*** Opening of Provided data ***

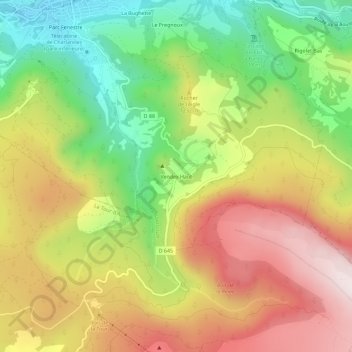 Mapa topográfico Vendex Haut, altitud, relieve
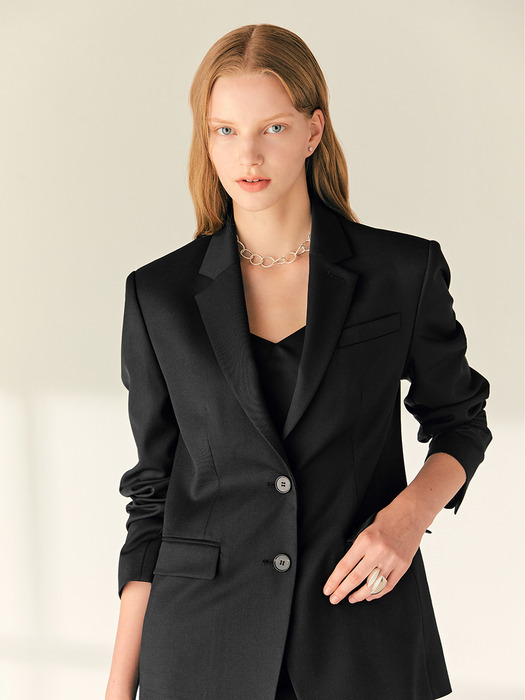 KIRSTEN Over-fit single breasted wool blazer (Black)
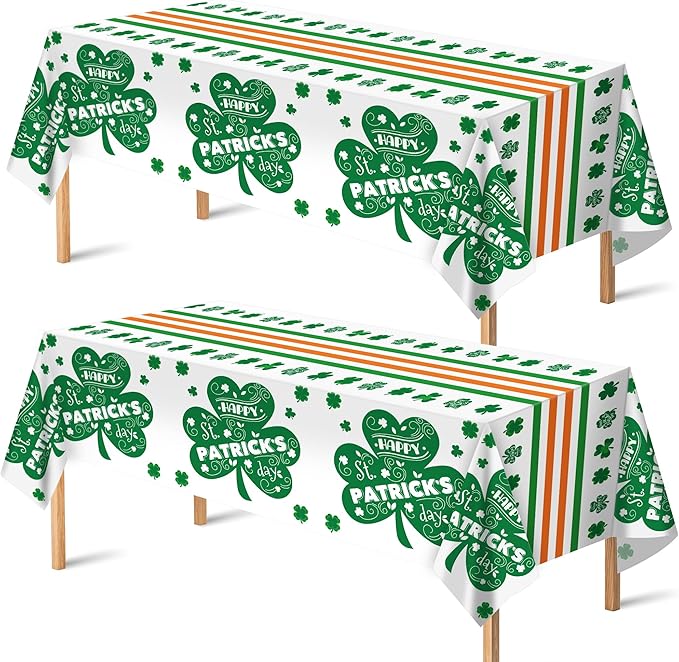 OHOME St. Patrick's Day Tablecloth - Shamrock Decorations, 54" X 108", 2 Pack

*** Close of Provided data ***

# Work to complete:
Leaving the pictures out, transcribe word for word the lines from the one with "KIRSTEN Over-fit single" to the end of the material above, inclusive, and nothing else.

# Written answer:
 KIRSTEN Over-fit single breasted wool blazer (Black)
 OHOME St. Patrick's Day Tablecloth - Shamrock Decorations, 54" X 108", 2 Pack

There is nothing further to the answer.